Cumhuriyet gazetesi yazarı Aytunç Ürkmez’in haberine göre, Av. Çakmak tarafından HSK’ya sunulan şikayet dilekçesinde Gürlek hakkında ağır suçlamalar yer aldı. Dilekçede, “İstanbul Cumhuriyet Başsavcısı görevindeki Akın Gürlek, hukukun üstünlüğünü korumakla yükümlü olması gerekirken, bu makamı siyasi hesapların yürütüldüğü bir zemine dönüştürmüştür” ifadelerine yer verildi.
Gürlek’in geçmişte Adalet Bakan Yardımcılığı yapmış olmasına da dikkat çeken Çakmak, bu görevin ardından başsavcılık görevine atanmasının “şaibeli” olduğunu savundu. Dilekçede şu ifadelere yer verildi:
“İktidarın Bakan Yardımcılığı görevinden, doğrudan yargının en kritik pozisyonlarından birine atanması, hukuki değil siyasi bir tercihtir. Bu tercih, yargı bağımsızlığı ilkesini doğrudan ihlal etmektedir.”
“Anayasayı İhlal Ediyor, Görevi Kötüye Kullanıyor”

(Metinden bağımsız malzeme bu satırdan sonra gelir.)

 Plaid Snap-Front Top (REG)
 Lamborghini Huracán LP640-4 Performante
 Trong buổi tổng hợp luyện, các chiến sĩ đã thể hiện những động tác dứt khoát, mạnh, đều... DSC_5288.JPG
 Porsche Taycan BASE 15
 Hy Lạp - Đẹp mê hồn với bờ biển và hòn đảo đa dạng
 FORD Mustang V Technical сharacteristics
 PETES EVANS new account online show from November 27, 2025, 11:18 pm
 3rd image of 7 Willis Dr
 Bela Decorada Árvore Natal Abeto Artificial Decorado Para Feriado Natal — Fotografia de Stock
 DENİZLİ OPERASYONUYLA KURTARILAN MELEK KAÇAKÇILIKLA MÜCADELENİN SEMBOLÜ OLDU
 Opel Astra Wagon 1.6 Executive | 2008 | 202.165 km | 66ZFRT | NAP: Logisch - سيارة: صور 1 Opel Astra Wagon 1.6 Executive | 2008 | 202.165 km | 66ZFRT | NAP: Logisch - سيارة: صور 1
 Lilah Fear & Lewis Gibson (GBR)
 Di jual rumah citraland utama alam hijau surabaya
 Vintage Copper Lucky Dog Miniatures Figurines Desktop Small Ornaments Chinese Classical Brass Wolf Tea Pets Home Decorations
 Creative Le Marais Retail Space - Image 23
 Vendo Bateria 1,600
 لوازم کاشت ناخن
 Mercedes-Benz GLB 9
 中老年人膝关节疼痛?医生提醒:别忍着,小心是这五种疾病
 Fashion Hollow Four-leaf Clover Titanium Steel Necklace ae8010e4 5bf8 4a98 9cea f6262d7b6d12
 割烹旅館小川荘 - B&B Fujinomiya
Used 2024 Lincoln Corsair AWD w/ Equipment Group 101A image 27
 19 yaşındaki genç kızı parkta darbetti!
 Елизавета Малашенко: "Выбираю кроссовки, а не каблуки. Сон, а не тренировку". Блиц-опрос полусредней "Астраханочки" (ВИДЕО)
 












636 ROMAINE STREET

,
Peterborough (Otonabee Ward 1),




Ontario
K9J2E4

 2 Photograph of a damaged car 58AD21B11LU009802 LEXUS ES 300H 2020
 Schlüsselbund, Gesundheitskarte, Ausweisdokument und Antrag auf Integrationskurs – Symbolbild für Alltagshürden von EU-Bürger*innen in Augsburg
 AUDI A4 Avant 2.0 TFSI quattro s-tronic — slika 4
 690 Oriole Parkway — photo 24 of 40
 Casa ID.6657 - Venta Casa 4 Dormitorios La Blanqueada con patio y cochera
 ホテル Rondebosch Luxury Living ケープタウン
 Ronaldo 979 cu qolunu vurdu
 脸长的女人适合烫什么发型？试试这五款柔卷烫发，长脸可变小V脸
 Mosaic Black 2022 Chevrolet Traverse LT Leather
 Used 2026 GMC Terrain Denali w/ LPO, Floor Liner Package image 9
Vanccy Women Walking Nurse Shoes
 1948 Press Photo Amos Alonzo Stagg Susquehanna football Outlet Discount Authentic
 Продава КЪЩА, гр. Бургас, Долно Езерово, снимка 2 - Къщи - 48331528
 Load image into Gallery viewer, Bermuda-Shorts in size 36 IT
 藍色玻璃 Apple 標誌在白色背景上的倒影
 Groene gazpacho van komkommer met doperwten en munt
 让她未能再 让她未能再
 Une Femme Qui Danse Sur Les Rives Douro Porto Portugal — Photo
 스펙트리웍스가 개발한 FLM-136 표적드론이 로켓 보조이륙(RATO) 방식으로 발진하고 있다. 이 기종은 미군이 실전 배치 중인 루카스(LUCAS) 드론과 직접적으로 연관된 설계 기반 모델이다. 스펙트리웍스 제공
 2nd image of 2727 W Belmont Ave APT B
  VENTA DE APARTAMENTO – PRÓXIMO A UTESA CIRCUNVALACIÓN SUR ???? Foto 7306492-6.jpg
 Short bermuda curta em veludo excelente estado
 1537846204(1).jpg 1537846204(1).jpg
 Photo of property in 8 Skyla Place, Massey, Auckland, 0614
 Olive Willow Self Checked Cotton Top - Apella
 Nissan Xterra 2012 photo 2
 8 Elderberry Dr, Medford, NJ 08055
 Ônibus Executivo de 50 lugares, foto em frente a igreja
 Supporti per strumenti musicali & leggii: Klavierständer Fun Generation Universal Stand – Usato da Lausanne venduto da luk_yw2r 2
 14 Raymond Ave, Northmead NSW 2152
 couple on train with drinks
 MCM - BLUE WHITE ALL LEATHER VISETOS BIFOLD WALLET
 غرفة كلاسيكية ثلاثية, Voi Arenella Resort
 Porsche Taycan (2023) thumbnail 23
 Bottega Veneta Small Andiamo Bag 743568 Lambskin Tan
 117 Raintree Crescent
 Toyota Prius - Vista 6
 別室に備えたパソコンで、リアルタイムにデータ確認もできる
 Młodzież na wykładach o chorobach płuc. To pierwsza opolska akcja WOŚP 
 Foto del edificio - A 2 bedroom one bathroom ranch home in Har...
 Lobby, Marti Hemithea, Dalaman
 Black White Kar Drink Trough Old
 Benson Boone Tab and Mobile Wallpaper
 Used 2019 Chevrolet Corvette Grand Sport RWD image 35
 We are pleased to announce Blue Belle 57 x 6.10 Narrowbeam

Şikayet, sadece Gürlek ile sınırlı kalmadı. Aynı dosyada soruşturmayı yürüten diğer savcılar ve gözaltı kararlarına imza atan hâkimler hakkında da “Anayasayı ihlal” ve “görevi kötüye kullanma” suçlamaları yöneltildi. Çakmak, dilekçesinde vatandaşlık sorumluluğuyla hareket ettiğini vurguladı:
“Anayasa’nın başlangıcında belirtilen hükümler doğrultusunda, adaletin sağlanması için vatandaşların da görev alması gerektiği belirtilmiştir. Bu bilinçle hareket ediyorum. Adaletin yeniden tesisi için bu suç duyurusunu yapmam anayasal bir haktır.”
Gözaltı Sorgularında “Aklı Zorlayan” Sorular
Dilekçede dikkat çeken bir diğer bölüm ise, soruşturma sürecinde yöneltilen soruların niteliğine ilişkin eleştiriler oldu. Belediye Başkanı'nın özel kalem müdürüne "Başkan'la niye konuştun?" ya da makam aracı şoförüne "Neden başkanın yanındaydın?" gibi sorular yöneltilmesini “akıl dışı” olarak niteleyen Çakmak, bu tutumun “adalet mekanizmasının ciddiyetini zedelediğini” vurguladı.
“Bu tür sorgular, hem hukukun hem de adli makamların itibarını zedeler. Soruşturmanın ciddiyeti yerle bir edilmiştir. Gürlek, verdiği emirlerle sadece hukuk dışı uygulamalara imza atmakla kalmamış, aynı zamanda kolluk kuvvetlerine de hukuka aykırı davranma talimatı vererek onları da suça ortak etmiştir.”
“HSK Bu Süreci Görmezden Gelemez”
HSK’ya yönelik doğrudan eleştirilerin de yer aldığı şikayet metninde, kurulun tarafsızlığını koruması ve yargının siyasi etkilerden uzak tutulması gerektiği vurgulandı. Avukat Çakmak, HSK’nın süreci görmezden gelmesinin kurumun da sorumluluk taşımasına yol açabileceğini belirtti:
“Bu tür uygulamaların arkasında durabilecek cesareti ve gücü bu kişilere kim vermektedir? Bu sorunun cevabını kamuoyu çok iyi bilmektedir. Bu güç, iktidardan alınmaktadır. Ancak bizler, HSK’nın bu duruma göz yumduğuna inanmak istemiyoruz. Yine de, ‘HSK bu gidişatı düzeltmeyi düşünüyor mu?’ sorusu bizim en doğal anayasal hakkımızdır.”